WHAT THE TASK ASKS:
Scan the records that follow, and whenever a line has the word "Audi", copy it.

Short descriptive text snippets
>>>
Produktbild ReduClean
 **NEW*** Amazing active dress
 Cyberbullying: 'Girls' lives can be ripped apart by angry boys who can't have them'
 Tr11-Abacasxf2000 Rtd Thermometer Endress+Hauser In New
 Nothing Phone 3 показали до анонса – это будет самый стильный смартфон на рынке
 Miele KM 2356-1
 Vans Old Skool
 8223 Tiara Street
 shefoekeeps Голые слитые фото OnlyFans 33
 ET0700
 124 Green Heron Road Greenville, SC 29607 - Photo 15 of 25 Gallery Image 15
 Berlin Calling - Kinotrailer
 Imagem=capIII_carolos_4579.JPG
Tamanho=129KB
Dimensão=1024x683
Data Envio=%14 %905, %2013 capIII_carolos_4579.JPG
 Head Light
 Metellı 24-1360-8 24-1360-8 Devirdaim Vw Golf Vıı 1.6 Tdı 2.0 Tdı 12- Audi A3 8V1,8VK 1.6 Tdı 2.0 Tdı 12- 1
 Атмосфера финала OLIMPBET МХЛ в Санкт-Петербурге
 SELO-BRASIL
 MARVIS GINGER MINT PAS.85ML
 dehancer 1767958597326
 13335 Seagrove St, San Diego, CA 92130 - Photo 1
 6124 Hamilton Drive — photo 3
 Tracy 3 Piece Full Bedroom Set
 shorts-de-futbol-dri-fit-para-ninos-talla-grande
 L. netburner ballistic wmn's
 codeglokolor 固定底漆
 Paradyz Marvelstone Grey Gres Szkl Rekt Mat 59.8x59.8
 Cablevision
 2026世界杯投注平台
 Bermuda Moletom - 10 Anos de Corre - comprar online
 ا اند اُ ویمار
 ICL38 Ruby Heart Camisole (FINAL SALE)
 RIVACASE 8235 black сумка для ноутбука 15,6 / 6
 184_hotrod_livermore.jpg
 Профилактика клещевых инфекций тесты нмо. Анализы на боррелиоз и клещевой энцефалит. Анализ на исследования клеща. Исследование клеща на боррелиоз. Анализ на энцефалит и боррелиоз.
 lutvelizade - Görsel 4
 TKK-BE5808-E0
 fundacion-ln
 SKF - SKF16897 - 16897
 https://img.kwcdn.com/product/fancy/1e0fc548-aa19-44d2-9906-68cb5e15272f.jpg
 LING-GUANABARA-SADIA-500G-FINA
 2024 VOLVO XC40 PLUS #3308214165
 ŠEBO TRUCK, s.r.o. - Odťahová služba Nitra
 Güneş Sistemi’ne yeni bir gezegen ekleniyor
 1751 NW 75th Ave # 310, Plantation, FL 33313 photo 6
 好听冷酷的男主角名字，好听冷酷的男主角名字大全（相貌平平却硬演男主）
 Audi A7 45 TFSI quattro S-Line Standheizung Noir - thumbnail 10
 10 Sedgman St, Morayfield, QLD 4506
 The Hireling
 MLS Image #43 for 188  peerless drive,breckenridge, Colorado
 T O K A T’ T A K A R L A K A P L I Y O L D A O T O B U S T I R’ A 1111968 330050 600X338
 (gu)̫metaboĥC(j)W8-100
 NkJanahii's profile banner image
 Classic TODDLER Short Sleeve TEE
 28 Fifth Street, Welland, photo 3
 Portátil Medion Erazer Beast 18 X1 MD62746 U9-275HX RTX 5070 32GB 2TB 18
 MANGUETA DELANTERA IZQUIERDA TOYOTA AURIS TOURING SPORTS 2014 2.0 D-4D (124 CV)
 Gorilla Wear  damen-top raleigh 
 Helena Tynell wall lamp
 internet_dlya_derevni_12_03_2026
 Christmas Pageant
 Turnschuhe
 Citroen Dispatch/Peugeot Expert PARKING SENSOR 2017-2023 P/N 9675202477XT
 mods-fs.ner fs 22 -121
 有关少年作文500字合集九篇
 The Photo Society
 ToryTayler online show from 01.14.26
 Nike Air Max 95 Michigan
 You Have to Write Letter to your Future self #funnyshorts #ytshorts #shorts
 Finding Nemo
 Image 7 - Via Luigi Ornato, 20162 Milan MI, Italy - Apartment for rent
<<<
RESULT FOR THIS TASK:
 Metellı 24-1360-8 24-1360-8 Devirdaim Vw Golf Vıı 1.6 Tdı 2.0 Tdı 12- Audi A3 8V1,8VK 1.6 Tdı 2.0 Tdı 12- 1
 Audi A7 45 TFSI quattro S-Line Standheizung Noir - thumbnail 10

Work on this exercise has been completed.